§ WHAT IS BEING ASKED
Your copy of the entries below should hold exactly the lines from the one containing "Appartement Zadar Équipement 10" to the one containing "なぜ俺たちは歩いているだけで通報されるのか？", inclusive, and no pictures.

§ INPUT DATA
----

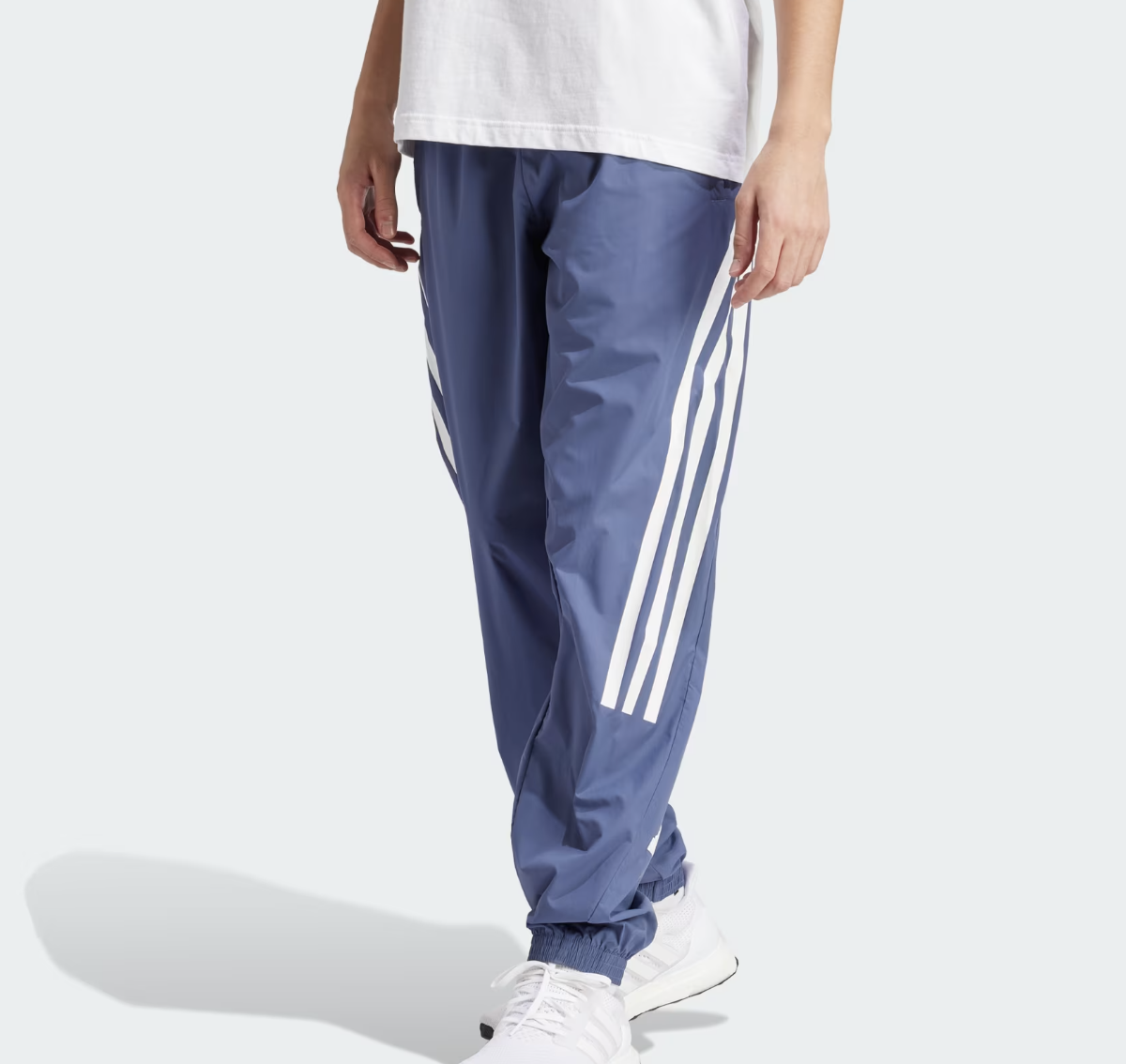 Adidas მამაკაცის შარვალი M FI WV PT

----

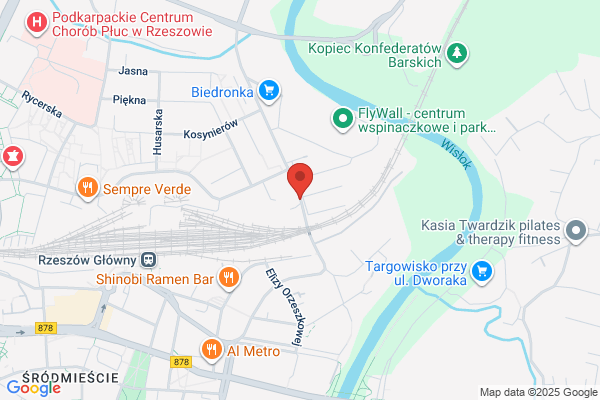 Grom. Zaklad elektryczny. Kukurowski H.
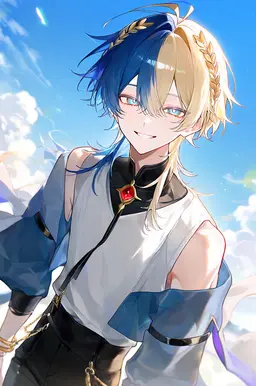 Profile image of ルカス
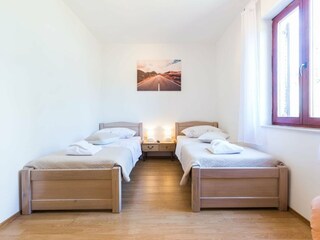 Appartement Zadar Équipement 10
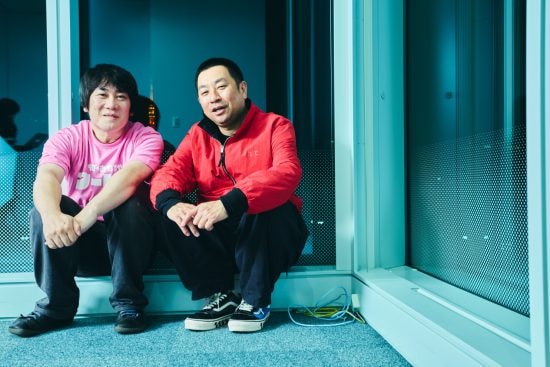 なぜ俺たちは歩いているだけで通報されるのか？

----

§ ANSWER BELOW
 Appartement Zadar Équipement 10
 なぜ俺たちは歩いているだけで通報されるのか？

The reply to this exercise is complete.